Karena itu, Prof. Dr. Syauqi ‘Allam, -Mufti Mesir sebelum ini- ketika ditanya tentang hukum memberikan hadiah kepada guru mengaji, beliau menjawab:
التهادي أمرٌ مندوبٌ حثَّ عليه الشرع الشريف، وهو نوع من أنواع البر والإحسان، وحيث كان الأمر كذلك فالهدية لحامل القرآن ومعلمه آكد في الاستحباب وأوْلى لشرف وعِظم ما يحملونه، ما كان ذلك على سبيل التكريم والتودد والشكر لهم على جهودهم التي يقومون بها في تعليم كتاب الله تعالى، أو سدِّ حاجتهم وكفايتها، مع مراعاة ألَّا يكون هذا الإعطاء ممنوعًا مِن جهة الإدارة أو العرف، وألَّا يؤثر سلبًا على العملية التعليمية، وألَّا يكون سببًا في تضييع الإنسان حقَّ غيره أو حصولِه على ما ليس له بحقٍّ
“Memberikan hadiah itu sesuatu yang dianjurkan oleh syariat, dan ia termasuk salah satu bentuk berbuat baik. Jika demikian adanya, maka memberi hadiah kepada penghafal Quran dan guru al-Quran lebih utama dan lebih dianjurkan lagi karena kemuliaan apa yang mereka hafal dan ajarkan, selama hadiah itu diberikan untuk memuliakan mereka dan sebagai bentuk terimakasih atas usaha yang telah mereka kerahkan untuk mengajarkan al-Quran, atau untuk menutupi kebutuhan mereka sehari-hari. Dengan catatan, hadiah itu tidak dilarang oleh pihak manajemen (sekolah atau pondok) atau terlarang secara ‘urf (kebiasaan), dan tidak berdampak negatif pada proses belajar mengajar. Juga tidak menjadi penyebab tersia-sianya hak seseorang atau berdampak pada adanya orang yang mendapat sesuatu yang bukan haknya.”
Kesimpulan:
Pertama, memberi hadiah pada guru sebagai bentuk terimakasih atau untuk memuliakannya adalah sesuatu yang boleh, bahkan dianjurkan, selama hal itu tidak diniatkan agar anak yang memberikan hadiah tersebut atau walinya mendapat perlakuan khusus dari guru, atau mendapat nilai lebih dari yang berhak ia dapatkan.
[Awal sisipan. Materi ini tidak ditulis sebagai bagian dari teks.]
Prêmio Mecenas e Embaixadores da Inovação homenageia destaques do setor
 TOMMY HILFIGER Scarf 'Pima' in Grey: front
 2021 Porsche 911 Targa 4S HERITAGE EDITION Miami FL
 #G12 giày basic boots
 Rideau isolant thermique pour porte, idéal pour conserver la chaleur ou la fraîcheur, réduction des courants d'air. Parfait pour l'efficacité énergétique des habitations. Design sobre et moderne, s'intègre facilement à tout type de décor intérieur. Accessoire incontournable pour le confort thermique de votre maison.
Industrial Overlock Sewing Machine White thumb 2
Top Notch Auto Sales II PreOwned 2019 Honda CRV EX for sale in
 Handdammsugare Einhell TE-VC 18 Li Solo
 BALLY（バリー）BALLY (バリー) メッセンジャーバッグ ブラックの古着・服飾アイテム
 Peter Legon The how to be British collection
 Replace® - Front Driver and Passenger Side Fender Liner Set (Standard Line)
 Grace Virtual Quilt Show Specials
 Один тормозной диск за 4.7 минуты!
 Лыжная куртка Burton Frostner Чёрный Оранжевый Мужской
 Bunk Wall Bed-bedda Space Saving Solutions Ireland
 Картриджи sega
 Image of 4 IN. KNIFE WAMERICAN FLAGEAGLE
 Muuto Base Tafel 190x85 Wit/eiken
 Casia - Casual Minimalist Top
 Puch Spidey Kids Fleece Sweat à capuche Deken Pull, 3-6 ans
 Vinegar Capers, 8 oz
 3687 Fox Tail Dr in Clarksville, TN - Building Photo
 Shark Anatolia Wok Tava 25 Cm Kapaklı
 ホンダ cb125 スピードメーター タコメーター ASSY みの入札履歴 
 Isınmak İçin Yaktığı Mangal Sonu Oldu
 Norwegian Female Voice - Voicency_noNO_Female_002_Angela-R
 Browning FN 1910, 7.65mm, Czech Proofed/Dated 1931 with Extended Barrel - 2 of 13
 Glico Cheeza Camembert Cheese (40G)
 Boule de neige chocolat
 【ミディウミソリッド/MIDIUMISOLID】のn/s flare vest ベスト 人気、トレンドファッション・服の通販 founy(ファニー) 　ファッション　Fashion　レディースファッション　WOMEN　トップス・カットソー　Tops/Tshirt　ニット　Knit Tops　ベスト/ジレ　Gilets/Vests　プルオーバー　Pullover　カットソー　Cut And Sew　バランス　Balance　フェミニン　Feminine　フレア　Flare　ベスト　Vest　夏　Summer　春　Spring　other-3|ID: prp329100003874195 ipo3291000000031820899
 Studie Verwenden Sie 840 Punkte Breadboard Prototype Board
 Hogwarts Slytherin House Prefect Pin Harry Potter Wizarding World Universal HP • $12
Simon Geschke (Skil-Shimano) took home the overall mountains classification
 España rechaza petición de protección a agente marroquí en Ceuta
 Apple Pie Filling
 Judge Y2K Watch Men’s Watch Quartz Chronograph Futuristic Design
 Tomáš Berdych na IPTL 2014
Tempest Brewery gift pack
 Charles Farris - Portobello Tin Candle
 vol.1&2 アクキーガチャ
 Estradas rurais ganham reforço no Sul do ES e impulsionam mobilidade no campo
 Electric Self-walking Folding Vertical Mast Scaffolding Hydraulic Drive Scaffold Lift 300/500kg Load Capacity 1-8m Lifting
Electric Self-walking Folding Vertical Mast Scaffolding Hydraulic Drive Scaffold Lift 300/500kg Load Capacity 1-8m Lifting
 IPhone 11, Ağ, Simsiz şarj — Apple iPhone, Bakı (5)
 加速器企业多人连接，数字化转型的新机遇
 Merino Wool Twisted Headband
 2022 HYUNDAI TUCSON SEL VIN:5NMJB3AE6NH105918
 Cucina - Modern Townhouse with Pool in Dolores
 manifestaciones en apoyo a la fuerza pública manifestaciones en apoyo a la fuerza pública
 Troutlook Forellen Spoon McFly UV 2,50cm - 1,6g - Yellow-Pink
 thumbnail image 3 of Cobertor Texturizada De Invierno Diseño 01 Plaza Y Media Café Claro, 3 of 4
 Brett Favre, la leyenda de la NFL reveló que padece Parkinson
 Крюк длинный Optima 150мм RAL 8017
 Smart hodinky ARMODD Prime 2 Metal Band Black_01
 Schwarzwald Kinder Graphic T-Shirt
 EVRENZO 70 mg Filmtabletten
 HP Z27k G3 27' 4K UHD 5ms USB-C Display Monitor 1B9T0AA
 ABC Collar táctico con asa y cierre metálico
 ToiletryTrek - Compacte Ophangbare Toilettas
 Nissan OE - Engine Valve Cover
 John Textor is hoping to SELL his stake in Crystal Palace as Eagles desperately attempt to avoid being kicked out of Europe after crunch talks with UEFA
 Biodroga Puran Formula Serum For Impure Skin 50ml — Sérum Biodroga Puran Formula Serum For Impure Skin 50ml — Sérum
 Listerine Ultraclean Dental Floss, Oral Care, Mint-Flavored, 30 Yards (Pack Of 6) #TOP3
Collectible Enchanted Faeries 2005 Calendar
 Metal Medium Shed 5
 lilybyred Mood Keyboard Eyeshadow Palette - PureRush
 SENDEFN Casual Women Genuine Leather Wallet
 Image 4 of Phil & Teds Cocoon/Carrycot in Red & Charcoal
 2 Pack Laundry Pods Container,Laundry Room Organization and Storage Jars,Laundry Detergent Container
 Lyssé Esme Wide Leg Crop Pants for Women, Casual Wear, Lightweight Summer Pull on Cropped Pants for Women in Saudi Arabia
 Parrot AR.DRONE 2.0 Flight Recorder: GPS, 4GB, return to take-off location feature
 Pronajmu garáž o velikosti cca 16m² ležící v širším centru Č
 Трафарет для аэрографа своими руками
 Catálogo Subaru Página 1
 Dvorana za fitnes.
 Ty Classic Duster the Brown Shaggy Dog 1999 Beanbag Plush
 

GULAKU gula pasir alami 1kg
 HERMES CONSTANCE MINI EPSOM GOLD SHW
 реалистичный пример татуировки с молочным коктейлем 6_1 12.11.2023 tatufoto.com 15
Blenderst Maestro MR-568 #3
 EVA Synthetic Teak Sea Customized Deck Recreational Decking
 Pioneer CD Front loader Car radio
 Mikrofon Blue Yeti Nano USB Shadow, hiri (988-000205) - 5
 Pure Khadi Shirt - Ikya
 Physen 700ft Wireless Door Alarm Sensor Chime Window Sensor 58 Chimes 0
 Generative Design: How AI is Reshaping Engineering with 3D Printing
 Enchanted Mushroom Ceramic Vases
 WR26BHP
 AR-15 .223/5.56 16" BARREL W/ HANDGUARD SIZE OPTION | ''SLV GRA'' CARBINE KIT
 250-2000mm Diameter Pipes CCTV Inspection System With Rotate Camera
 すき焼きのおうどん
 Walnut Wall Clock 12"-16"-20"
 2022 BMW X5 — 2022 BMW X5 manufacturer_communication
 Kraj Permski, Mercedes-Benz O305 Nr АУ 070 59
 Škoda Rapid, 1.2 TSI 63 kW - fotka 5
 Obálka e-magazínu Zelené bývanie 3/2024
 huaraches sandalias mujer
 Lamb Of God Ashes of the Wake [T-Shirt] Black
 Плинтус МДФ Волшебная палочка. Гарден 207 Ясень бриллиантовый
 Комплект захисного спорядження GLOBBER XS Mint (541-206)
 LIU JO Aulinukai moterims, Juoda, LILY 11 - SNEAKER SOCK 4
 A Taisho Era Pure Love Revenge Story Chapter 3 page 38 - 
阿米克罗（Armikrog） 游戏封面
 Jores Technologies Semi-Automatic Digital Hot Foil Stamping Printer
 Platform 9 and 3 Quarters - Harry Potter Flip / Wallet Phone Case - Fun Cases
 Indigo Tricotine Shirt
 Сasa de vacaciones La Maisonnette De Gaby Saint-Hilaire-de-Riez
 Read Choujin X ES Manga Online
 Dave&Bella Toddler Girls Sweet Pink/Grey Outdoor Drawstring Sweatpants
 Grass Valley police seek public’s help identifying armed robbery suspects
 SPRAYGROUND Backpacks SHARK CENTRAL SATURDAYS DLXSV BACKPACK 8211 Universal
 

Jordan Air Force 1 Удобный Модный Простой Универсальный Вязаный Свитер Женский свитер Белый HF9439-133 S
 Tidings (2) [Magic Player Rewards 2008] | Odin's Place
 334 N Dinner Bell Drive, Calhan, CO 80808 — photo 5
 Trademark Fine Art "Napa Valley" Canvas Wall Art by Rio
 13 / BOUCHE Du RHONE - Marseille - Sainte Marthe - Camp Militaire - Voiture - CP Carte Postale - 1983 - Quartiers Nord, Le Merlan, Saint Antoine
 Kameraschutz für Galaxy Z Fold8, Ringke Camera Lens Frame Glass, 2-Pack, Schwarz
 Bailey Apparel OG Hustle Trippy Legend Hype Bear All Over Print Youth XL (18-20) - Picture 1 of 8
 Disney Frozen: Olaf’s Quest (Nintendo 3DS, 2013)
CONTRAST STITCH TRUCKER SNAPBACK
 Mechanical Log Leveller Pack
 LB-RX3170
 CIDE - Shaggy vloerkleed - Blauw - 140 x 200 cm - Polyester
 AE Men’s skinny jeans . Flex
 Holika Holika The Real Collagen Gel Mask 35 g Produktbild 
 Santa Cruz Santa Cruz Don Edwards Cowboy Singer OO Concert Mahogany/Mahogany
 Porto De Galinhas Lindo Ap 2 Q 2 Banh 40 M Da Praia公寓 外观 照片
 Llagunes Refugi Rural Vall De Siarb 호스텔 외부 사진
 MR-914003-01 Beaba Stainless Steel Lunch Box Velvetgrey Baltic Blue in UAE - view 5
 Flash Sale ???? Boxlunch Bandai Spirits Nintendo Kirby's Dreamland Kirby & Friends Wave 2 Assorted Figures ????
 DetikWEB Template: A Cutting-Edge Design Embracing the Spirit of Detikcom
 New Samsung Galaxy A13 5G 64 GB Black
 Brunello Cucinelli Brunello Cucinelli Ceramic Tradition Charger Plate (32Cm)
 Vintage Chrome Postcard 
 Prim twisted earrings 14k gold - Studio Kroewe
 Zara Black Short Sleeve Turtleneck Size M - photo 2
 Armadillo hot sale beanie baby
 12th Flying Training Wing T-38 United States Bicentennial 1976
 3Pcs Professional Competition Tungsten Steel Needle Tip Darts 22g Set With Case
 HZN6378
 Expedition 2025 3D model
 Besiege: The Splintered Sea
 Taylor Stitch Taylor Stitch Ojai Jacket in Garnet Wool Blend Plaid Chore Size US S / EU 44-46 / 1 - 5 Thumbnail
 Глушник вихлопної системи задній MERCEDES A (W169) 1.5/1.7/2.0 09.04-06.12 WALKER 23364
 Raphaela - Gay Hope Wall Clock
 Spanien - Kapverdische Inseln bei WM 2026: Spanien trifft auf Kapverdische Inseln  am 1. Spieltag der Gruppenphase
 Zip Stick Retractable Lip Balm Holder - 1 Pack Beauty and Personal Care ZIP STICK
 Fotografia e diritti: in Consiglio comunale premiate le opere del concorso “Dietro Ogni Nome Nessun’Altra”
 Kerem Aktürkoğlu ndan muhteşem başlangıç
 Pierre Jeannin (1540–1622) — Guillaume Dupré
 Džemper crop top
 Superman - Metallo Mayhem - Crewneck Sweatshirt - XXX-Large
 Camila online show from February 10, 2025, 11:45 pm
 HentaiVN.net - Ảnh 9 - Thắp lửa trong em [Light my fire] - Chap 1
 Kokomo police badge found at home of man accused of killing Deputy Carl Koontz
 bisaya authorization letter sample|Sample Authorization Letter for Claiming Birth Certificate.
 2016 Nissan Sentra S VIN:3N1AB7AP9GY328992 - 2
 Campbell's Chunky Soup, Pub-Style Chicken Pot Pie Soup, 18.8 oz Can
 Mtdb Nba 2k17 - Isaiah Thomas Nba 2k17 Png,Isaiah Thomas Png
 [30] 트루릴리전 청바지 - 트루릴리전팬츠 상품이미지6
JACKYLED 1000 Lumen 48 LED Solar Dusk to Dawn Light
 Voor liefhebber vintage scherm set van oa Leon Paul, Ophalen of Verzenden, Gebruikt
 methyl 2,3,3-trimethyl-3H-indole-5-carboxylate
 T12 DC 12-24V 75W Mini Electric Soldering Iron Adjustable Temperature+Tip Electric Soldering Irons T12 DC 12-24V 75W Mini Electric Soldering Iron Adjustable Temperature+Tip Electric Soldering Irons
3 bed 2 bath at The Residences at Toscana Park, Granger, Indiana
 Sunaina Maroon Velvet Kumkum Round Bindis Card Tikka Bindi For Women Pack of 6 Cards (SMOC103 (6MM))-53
Demikian juga halnya dengan si guru, ia boleh menerima hadiah itu selama tidak mempengaruhinya untuk bersikap pilih kasih terhadap murid-muridnya, atau memberikan nilai pada si murid yang memberikan hadiah lebih dari yang berhak ia terima.
Kedua, jika hadiah itu diberikan dalam suasana ujian, kenaikan kelas, penentuan nilai akhir dan sebagainya, yang indikasinya sangat kuat bertujuan agar murid A diberikan perhatian khusus atau nilai lebih, maka ini sebaiknya dihindari, meskipun si pemberi hadiah mengatakan bahwa hadiah ini murni sebagai bentuk terimakasih.
Ketiga, bagaimanapun juga, akan lebih baik bagi guru untuk tidak menerima hadiah apapaun dari murid atau walinya selama ia masih menjadi murid di sekolah atau pondok itu. Adapun kalau anak sudah tamat maka hadiah yang diberikan atau diterima akan lebih aman dan jauh dari syubhat.